**WORK INSTRUCTION**
Transcribe the listing below verbatim, omitting pictures.
==============================
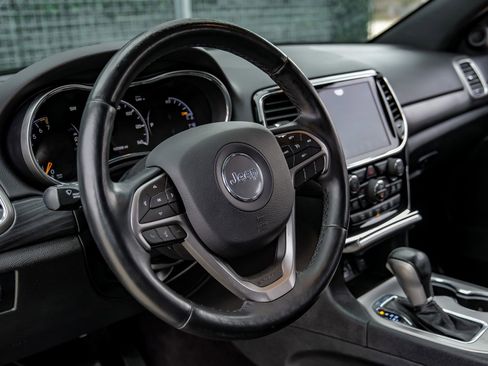 Used 2019 Jeep Grand Cherokee Altitude AWD/4WD image 16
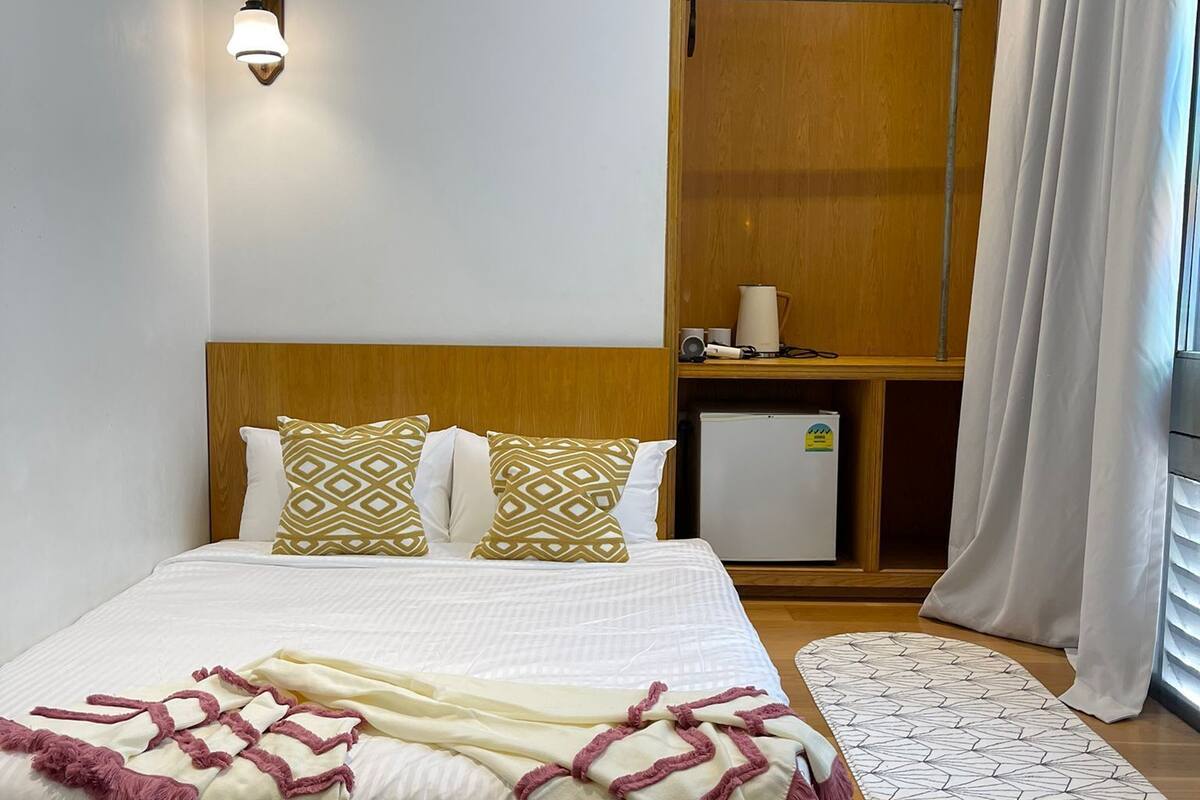 Deluxe Double Room | Iron/ironing board, WiFi (free), bed sheets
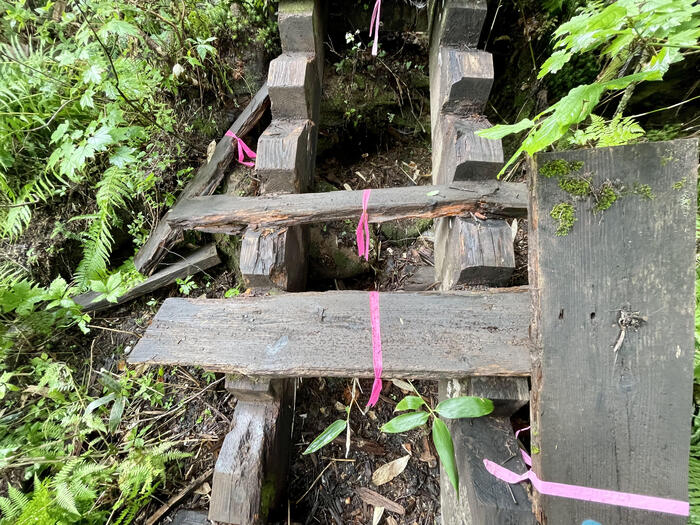 燧ヶ岳　御池ルート　崩壊した階段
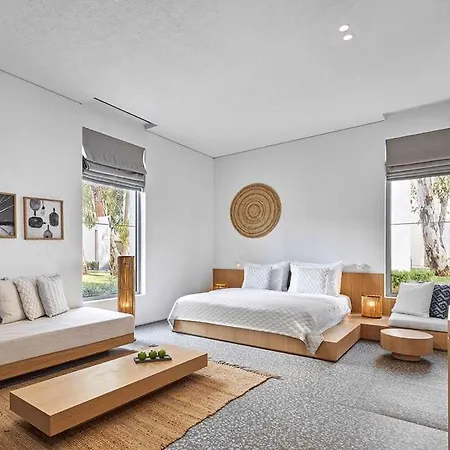 Voyage Torba ホテル *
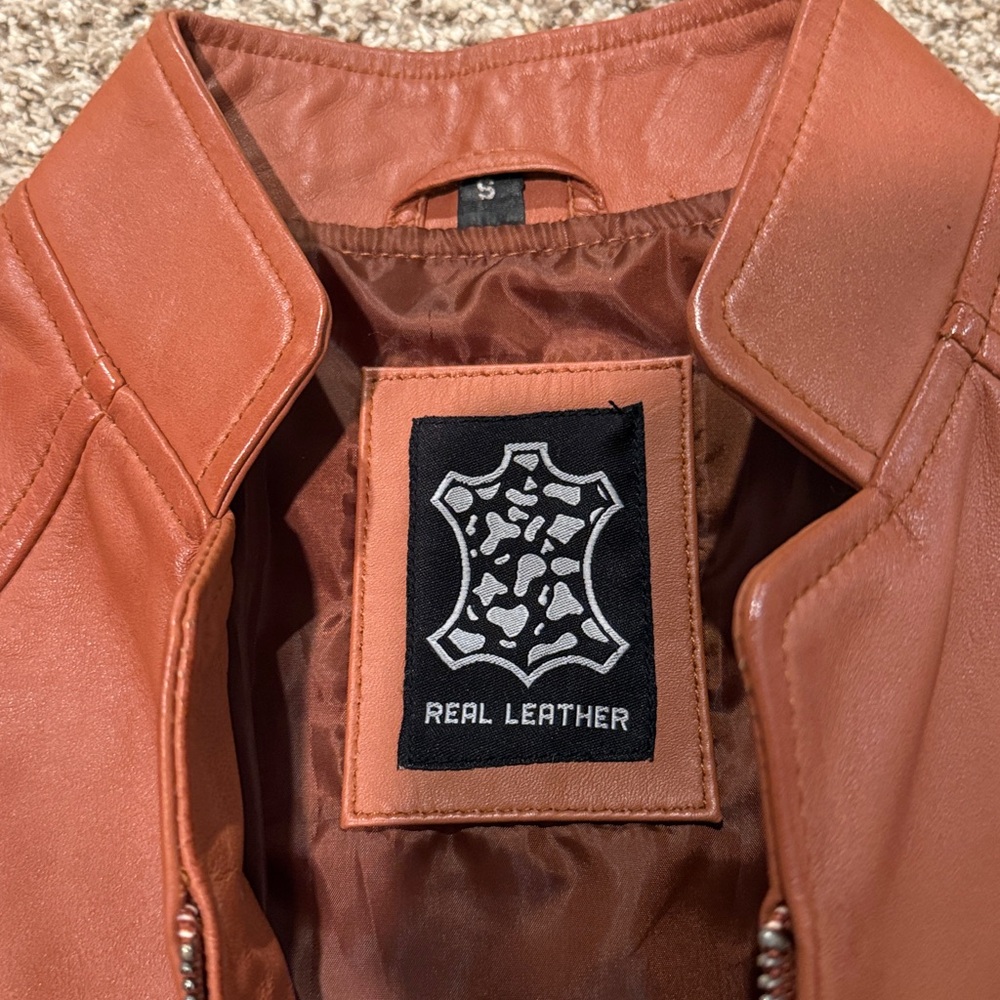 Fitted Leather Moto Jacket - image 2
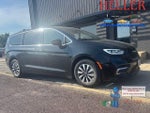 2024 Pacifica Plug-In Hybrid Thumbnail 1
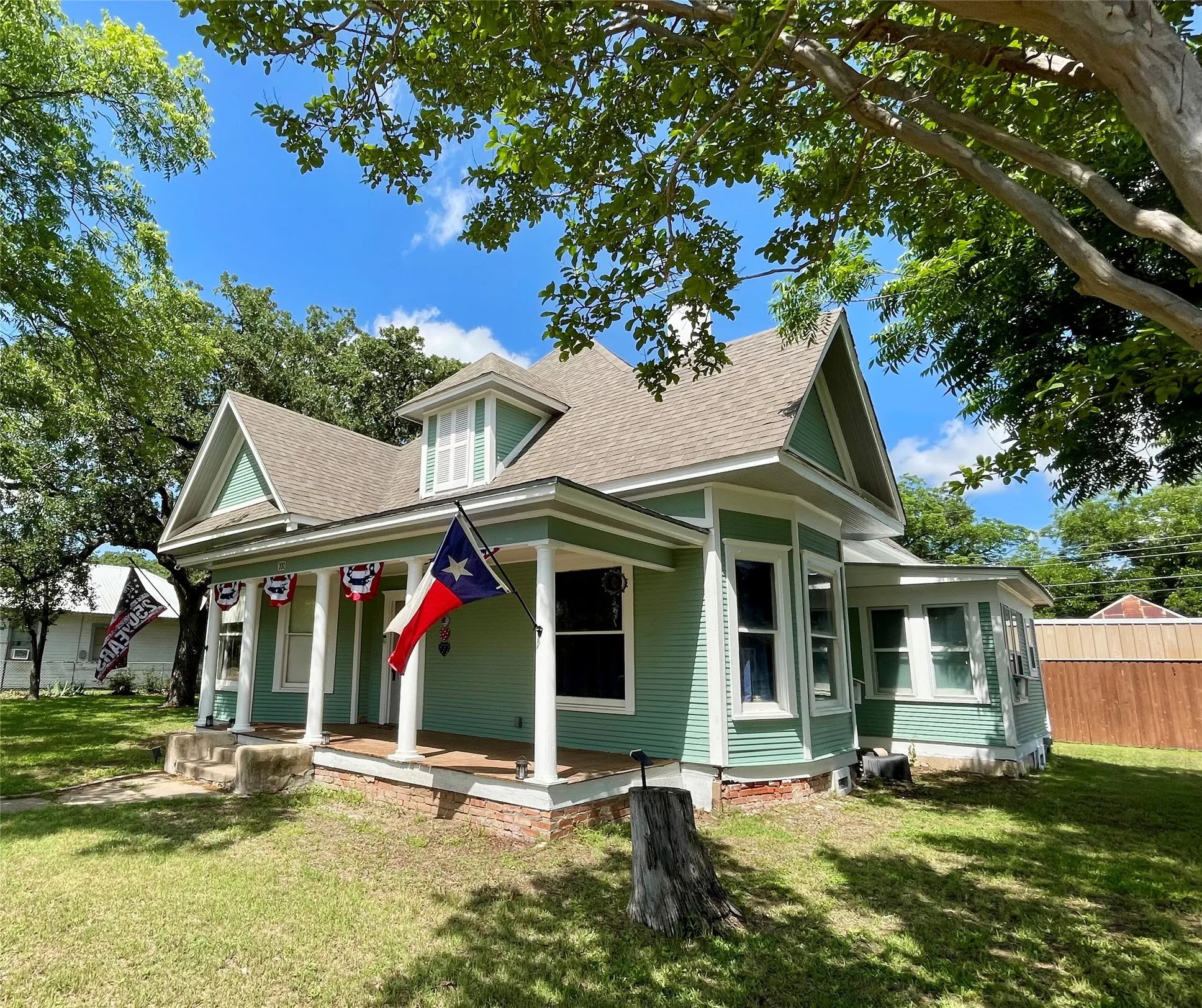Single Family Residence For Sale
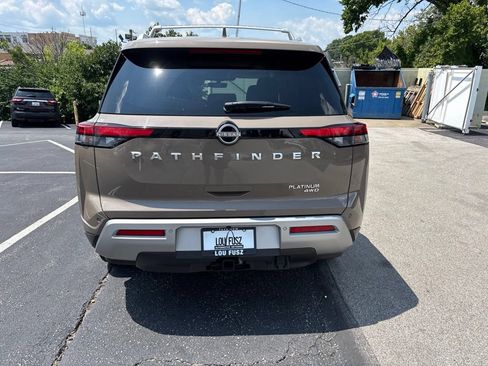 Used 2023 Nissan Pathfinder Platinum w/ Cargo Package AWD/4WD image 4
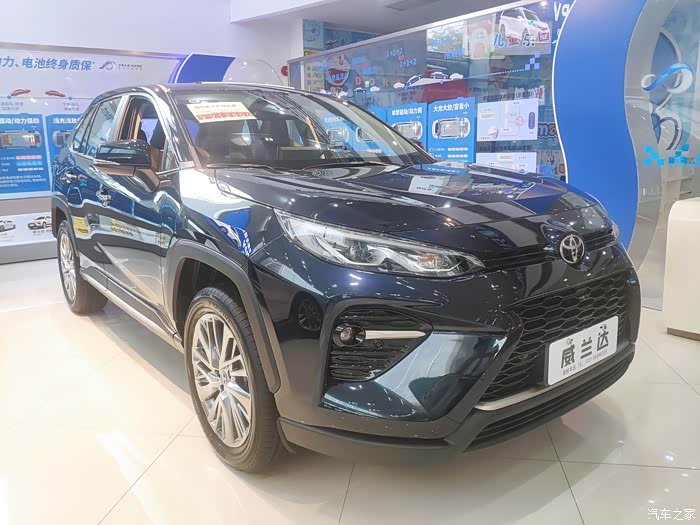 来看看墨玉蓝色的威兰达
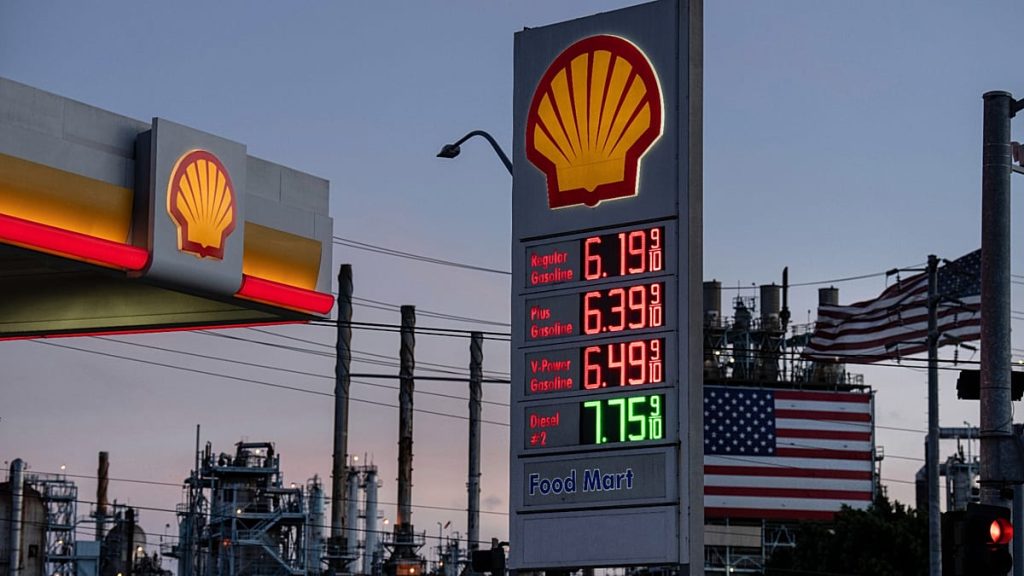 Shell profits surge as Iran war drives oil prices higher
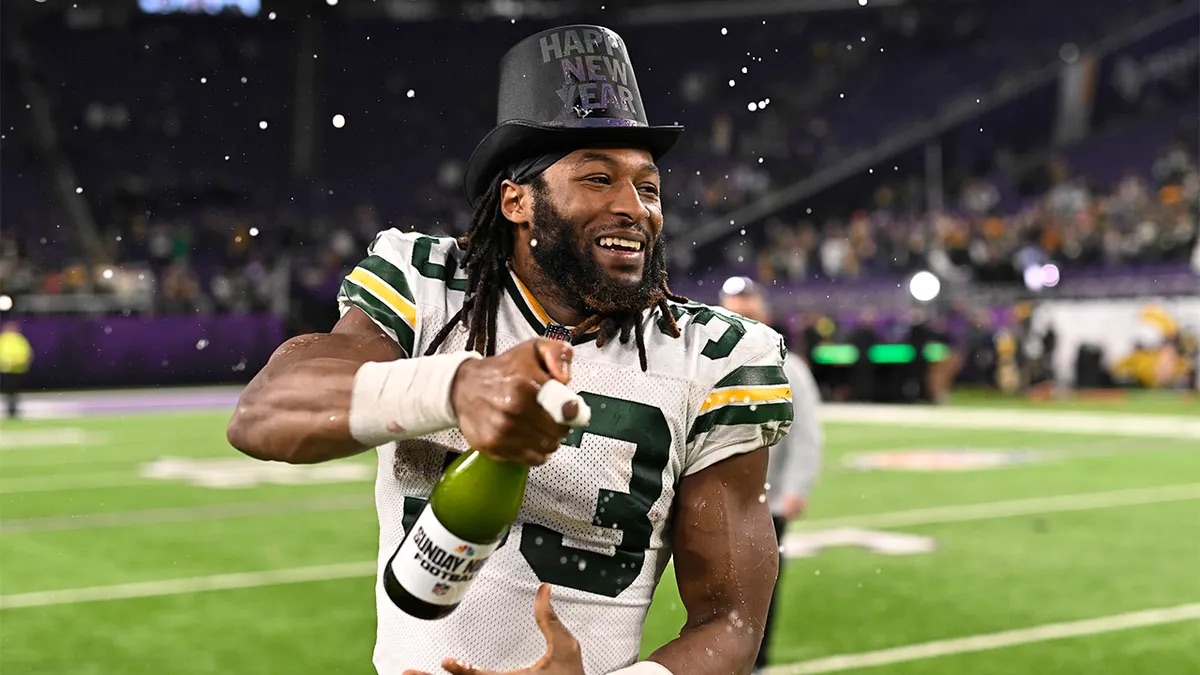 Aaron Jones Signs With Vikings One Day After Being Released By Packers Daily Snark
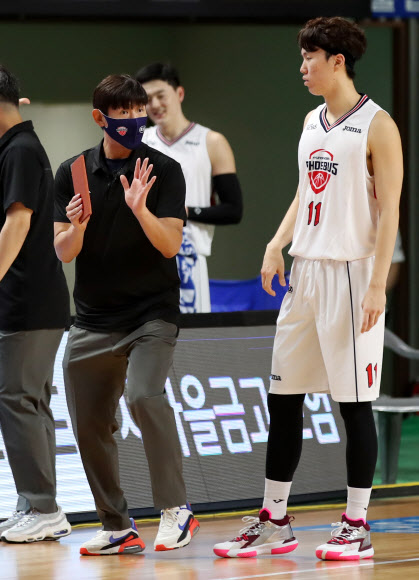 코치 데뷔전 치르는 양동근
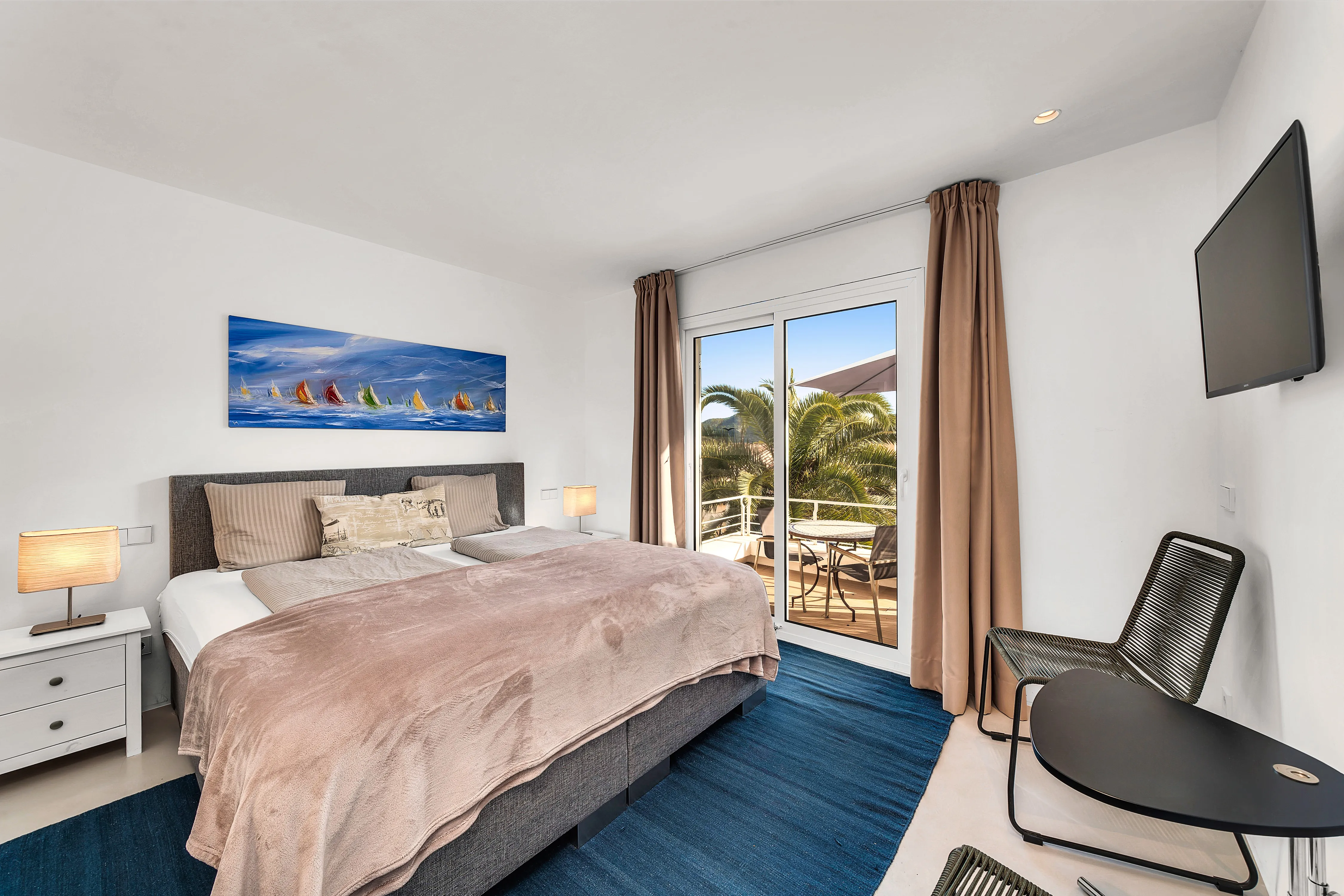 Fuldstændig renoveret hus med udsigt over havnen i Port Andratx-12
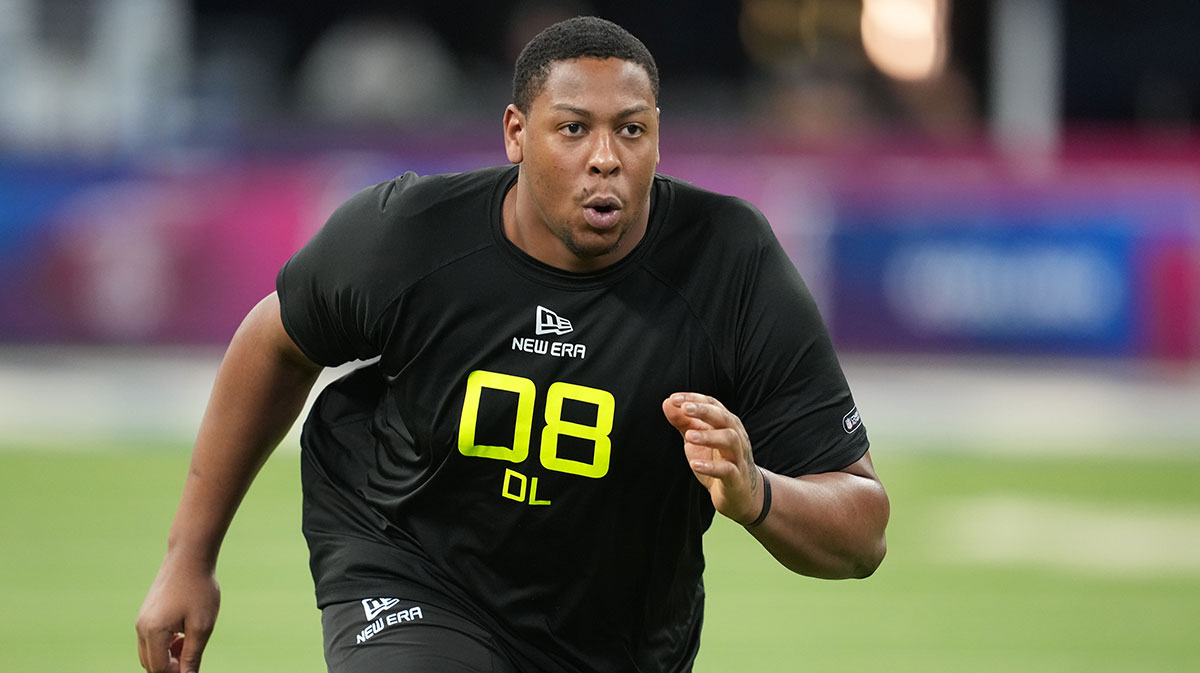 Feb 27, 2025; Indianapolis, IN, USA; Texas defensive lineman Alfred Collins (DL08) participates in drills during the 2025 NFL Combine at Lucas Oil Stadium.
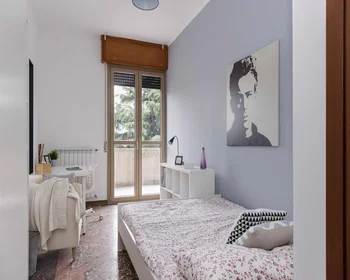 Stanza privata in Viale Giovanni Vicini, immagine 2 di 19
==============================
**ANSWER TO THIS TASK**
 Used 2019 Jeep Grand Cherokee Altitude AWD/4WD image 16
 Deluxe Double Room | Iron/ironing board, WiFi (free), bed sheets
 燧ヶ岳　御池ルート　崩壊した階段
 Voyage Torba ホテル *
 Fitted Leather Moto Jacket - image 2
 2024 Pacifica Plug-In Hybrid Thumbnail 1
Single Family Residence For Sale
 Used 2023 Nissan Pathfinder Platinum w/ Cargo Package AWD/4WD image 4
 来看看墨玉蓝色的威兰达
 Shell profits surge as Iran war drives oil prices higher
 Aaron Jones Signs With Vikings One Day After Being Released By Packers Daily Snark
 코치 데뷔전 치르는 양동근
 Fuldstændig renoveret hus med udsigt over havnen i Port Andratx-12
 Feb 27, 2025; Indianapolis, IN, USA; Texas defensive lineman Alfred Collins (DL08) participates in drills during the 2025 NFL Combine at Lucas Oil Stadium.
 Stanza privata in Viale Giovanni Vicini, immagine 2 di 19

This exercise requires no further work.